- _EXERCISE GOAL_
Set down the listing below verbatim, but only from its first line through the line containing "YILDIRIM OYUNCAK مضخة".

*** Block opens ***

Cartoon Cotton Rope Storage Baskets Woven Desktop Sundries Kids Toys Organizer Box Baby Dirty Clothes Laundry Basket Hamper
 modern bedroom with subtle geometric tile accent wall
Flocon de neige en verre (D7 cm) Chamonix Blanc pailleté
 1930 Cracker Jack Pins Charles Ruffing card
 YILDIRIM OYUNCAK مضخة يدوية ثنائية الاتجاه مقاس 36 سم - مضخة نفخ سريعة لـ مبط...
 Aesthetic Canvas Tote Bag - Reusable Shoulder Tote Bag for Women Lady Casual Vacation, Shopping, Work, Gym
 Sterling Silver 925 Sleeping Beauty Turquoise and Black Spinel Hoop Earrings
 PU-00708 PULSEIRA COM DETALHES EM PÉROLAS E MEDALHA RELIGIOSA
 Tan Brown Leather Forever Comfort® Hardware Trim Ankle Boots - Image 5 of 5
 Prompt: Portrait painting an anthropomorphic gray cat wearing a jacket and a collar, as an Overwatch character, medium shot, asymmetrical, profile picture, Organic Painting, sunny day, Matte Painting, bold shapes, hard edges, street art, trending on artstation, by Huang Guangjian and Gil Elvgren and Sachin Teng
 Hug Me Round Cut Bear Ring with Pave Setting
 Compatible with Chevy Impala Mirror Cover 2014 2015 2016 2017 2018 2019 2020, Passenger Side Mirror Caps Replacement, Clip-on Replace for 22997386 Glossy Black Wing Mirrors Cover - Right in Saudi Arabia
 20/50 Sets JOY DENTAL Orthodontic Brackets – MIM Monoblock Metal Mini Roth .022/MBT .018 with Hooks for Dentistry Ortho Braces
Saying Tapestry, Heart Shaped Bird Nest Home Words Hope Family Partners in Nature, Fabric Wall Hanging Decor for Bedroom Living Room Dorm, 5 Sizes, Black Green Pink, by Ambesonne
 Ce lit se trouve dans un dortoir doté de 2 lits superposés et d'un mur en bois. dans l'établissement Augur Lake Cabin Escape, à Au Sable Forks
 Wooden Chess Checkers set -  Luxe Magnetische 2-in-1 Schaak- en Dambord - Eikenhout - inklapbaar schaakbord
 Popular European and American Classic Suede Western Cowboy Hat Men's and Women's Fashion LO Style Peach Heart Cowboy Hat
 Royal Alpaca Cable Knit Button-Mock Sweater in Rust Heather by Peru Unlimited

*** Block closes ***

- _RESPONSE TO THIS TASK_
Cartoon Cotton Rope Storage Baskets Woven Desktop Sundries Kids Toys Organizer Box Baby Dirty Clothes Laundry Basket Hamper
 modern bedroom with subtle geometric tile accent wall
Flocon de neige en verre (D7 cm) Chamonix Blanc pailleté
 1930 Cracker Jack Pins Charles Ruffing card
 YILDIRIM OYUNCAK مضخة يدوية ثنائية الاتجاه مقاس 36 سم - مضخة نفخ سريعة لـ مبط...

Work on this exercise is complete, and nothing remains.